#### About this task:
Output every record exactly, apart from its images.

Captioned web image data

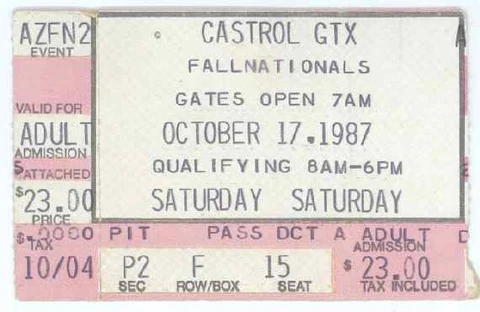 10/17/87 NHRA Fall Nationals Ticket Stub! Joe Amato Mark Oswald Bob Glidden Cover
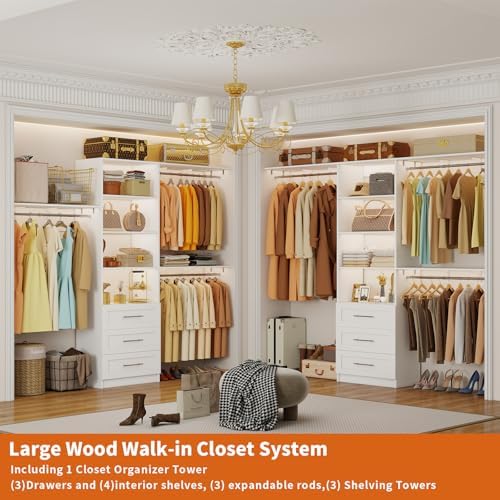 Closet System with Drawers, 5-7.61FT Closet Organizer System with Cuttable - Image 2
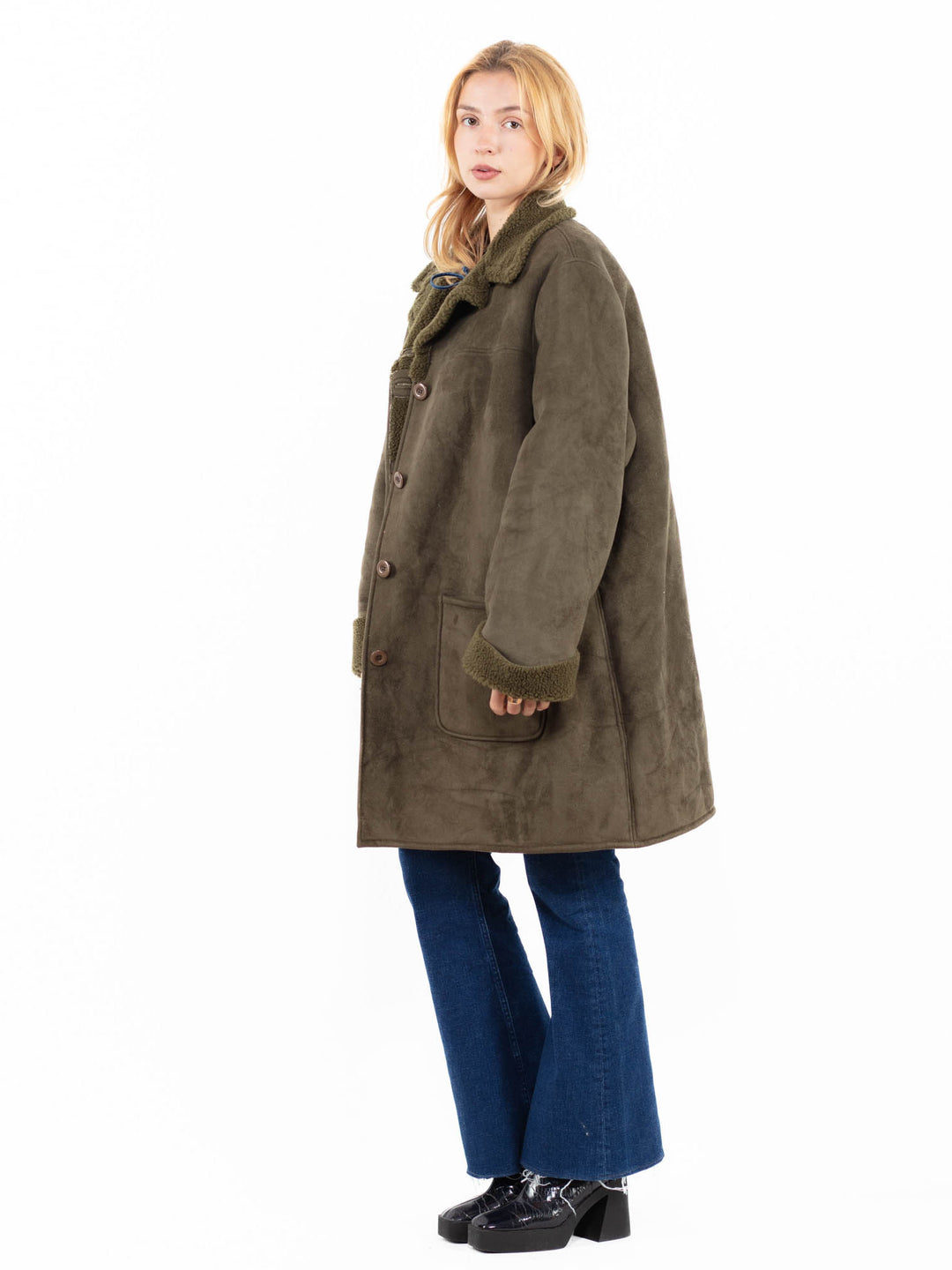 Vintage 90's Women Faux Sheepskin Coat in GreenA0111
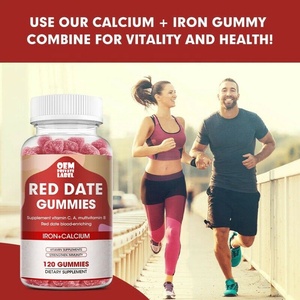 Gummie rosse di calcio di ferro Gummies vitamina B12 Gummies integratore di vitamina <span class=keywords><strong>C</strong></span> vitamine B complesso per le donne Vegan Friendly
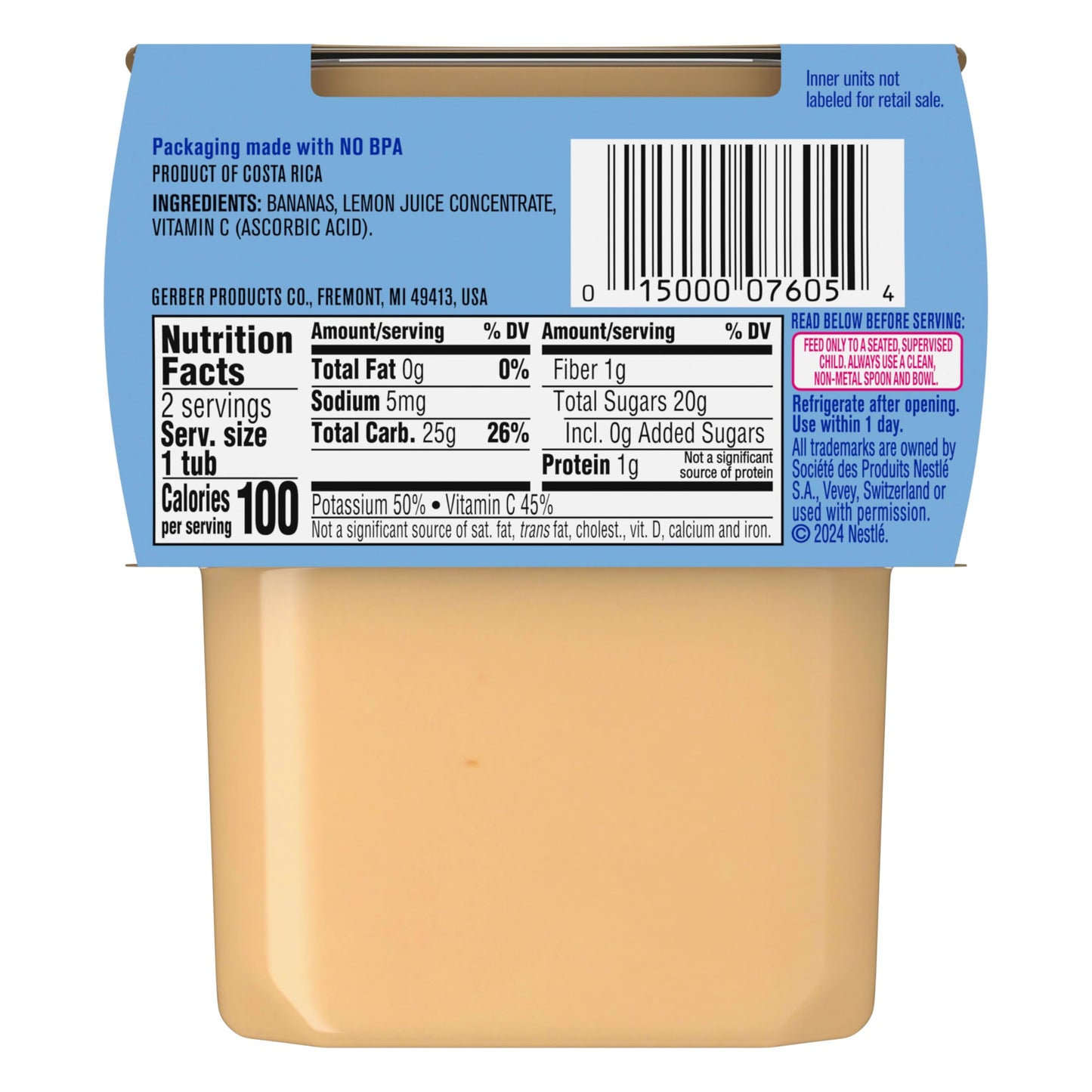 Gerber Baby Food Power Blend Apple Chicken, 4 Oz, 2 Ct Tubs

#### Your solution:
 10/17/87 NHRA Fall Nationals Ticket Stub! Joe Amato Mark Oswald Bob Glidden Cover
 Closet System with Drawers, 5-7.61FT Closet Organizer System with Cuttable - Image 2
 Vintage 90's Women Faux Sheepskin Coat in GreenA0111
 Gummie rosse di calcio di ferro Gummies vitamina B12 Gummies integratore di vitamina <span class=keywords><strong>C</strong></span> vitamine B complesso per le donne Vegan Friendly
 Gerber Baby Food Power Blend Apple Chicken, 4 Oz, 2 Ct Tubs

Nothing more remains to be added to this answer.